Sounds like we should switch those preprocessor defines to numeric_limits<> functions …
> and there was no Unicode support, which is
> compiled for in Windows by default…
Not sure what this means.
> I have yet to get the cpp port to correctly scan any image but I've
> been working strictly with QR codes so perhaps bar codes will work
> better...
Actually, the qr code support is much more solid in C++ than the 1D codes. Not sure what's failing in your port. Sounds like it's gonna take some tracking down ...
(Presumably) this is okay and VC++ is being overly conservative. We could probably quiet it with a cast but see below.
> Sadly, I won't say that it works as it
> should because, as rare as it is for me to agree with MS, it is wrong
> to take the unary minus of an unsigned type and get a signed one.
You don't. Negating an unsigned is an unsigned of the same width. It's completely legitimate to take the 2s complement of an unsigned. It'll never compare less than zero, but we aren't expecting it to … I hope. (See below.)

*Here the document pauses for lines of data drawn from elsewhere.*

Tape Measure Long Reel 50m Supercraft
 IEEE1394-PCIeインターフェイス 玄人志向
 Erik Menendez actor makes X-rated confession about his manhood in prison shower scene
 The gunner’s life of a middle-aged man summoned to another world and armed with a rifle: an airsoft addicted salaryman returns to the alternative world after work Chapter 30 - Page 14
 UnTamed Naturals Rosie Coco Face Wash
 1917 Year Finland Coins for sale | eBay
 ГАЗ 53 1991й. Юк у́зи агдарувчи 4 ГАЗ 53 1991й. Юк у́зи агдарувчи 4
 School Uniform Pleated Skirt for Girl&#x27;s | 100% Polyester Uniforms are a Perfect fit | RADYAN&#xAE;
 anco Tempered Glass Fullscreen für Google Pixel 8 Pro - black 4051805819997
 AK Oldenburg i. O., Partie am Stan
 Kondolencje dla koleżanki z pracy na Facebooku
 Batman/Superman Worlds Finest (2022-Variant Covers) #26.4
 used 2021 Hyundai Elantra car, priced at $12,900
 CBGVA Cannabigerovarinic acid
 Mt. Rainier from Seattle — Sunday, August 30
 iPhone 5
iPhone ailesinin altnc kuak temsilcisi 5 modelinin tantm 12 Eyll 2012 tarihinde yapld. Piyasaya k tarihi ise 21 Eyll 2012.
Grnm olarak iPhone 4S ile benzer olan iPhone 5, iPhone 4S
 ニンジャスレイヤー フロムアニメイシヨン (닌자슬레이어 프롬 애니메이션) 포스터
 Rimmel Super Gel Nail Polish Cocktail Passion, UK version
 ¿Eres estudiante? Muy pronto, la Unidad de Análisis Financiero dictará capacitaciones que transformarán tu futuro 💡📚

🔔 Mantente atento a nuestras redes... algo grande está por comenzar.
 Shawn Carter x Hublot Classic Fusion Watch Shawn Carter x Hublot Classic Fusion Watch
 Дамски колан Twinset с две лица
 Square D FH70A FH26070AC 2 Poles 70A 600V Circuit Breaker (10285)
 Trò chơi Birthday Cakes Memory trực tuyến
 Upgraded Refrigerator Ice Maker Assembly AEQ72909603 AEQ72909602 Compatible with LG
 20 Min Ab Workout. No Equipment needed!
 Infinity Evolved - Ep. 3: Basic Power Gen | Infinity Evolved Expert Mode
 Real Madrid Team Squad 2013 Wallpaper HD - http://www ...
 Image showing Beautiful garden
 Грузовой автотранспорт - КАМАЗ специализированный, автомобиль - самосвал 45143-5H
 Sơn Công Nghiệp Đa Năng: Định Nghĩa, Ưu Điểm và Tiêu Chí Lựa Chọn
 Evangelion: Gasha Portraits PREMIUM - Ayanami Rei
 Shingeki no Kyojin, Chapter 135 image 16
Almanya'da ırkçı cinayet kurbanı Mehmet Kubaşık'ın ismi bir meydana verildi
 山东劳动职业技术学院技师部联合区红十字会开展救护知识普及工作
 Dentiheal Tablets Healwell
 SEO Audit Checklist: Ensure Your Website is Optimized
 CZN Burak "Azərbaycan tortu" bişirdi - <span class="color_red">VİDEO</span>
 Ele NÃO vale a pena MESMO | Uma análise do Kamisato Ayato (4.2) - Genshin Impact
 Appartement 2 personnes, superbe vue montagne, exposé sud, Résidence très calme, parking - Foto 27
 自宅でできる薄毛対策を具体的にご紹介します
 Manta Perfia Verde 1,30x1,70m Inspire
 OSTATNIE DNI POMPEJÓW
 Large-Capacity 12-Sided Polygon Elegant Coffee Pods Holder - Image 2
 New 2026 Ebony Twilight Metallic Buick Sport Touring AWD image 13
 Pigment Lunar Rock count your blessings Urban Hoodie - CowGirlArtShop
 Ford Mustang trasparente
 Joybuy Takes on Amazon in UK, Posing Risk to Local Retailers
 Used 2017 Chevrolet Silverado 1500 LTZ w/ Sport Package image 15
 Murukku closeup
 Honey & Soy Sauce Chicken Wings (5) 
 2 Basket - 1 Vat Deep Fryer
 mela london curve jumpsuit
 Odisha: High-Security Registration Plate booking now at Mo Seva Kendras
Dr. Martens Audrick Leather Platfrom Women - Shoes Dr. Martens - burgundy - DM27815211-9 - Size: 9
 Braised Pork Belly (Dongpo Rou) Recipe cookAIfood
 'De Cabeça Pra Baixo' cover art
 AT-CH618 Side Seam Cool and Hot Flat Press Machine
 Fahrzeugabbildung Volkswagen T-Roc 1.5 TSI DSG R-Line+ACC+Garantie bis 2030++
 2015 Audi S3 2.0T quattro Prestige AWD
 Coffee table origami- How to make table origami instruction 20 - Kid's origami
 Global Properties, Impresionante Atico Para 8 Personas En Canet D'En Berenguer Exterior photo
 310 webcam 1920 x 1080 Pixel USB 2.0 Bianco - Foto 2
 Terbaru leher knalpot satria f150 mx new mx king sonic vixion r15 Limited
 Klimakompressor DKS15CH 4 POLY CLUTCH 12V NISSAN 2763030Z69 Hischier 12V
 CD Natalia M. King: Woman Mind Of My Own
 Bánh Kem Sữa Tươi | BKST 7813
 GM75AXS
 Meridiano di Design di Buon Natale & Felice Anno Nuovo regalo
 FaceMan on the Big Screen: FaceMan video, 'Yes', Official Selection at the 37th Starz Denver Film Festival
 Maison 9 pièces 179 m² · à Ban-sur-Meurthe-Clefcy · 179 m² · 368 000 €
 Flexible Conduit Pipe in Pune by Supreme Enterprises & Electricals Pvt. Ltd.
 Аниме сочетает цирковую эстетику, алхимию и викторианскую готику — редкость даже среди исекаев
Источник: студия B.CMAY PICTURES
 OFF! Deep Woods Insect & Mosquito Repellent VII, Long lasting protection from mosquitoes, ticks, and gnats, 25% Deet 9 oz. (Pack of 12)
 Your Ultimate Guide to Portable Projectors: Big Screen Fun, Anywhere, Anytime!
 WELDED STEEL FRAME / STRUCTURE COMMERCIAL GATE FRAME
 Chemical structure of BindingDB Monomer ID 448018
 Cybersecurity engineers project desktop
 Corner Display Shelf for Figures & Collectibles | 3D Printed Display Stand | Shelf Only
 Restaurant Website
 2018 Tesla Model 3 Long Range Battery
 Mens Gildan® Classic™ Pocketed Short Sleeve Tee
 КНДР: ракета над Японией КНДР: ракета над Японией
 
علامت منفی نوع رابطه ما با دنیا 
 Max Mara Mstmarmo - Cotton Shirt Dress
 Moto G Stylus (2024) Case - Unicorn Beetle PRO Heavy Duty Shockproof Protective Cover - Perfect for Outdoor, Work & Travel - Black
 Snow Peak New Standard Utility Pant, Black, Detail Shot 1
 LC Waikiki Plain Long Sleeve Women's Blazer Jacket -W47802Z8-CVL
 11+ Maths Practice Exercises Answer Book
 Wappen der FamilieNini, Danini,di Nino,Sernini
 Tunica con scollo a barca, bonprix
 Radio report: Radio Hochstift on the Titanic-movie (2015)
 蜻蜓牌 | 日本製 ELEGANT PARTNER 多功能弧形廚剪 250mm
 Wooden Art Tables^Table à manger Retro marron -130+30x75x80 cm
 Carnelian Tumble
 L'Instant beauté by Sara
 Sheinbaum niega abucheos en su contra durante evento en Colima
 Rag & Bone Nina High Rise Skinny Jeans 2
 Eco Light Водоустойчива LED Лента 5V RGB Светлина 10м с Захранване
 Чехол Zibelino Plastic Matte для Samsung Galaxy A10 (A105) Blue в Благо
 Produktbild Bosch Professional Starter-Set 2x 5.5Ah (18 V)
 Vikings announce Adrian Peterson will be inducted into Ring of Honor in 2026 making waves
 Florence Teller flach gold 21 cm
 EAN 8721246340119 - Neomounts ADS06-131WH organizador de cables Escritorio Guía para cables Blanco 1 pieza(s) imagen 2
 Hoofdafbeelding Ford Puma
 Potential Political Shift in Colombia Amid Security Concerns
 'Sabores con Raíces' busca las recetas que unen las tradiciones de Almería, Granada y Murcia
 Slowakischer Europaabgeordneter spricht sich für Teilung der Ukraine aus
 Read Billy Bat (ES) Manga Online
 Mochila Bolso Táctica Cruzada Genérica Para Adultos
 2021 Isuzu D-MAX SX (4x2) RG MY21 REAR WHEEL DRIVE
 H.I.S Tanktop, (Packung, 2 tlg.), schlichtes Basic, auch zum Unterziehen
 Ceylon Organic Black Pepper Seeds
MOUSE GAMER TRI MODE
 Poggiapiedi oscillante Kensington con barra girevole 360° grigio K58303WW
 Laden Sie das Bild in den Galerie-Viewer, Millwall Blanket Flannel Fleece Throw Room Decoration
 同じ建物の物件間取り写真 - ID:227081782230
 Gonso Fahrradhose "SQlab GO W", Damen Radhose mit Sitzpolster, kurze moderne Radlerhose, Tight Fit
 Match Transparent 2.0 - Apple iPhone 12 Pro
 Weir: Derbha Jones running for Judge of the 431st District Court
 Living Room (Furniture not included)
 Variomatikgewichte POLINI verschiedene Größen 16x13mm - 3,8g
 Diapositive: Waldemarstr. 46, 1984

The warning is just saying what the standard says. I presume it's there because it's a common mistake but it is an entirely valid expression and entirely well defined (modulo my misinterpretation of the standard.)
What this does point out, though, is that (in my opinion) this code should not be using size_t's. We really want to keep the C++ as close to the Java code as we can so weird (and hard to debug) differences don't crop up. Since Java doesn't have unsigned types, this means we should be using signed types even where unsigned types make sense/seem safe.
In this case, it doesn't make any difference because the final values are always non-negative (since i is used to deference the image and that will fail for negative values) but it's certainly possible for Java code to use negative values as a flag and if we copy expressions like that but change the type to unsigned, we'll definitely get different behavior. Generally this will generate a warning, at least in gcc, but it's just too error prone, too easy to silence with an incorrect cast.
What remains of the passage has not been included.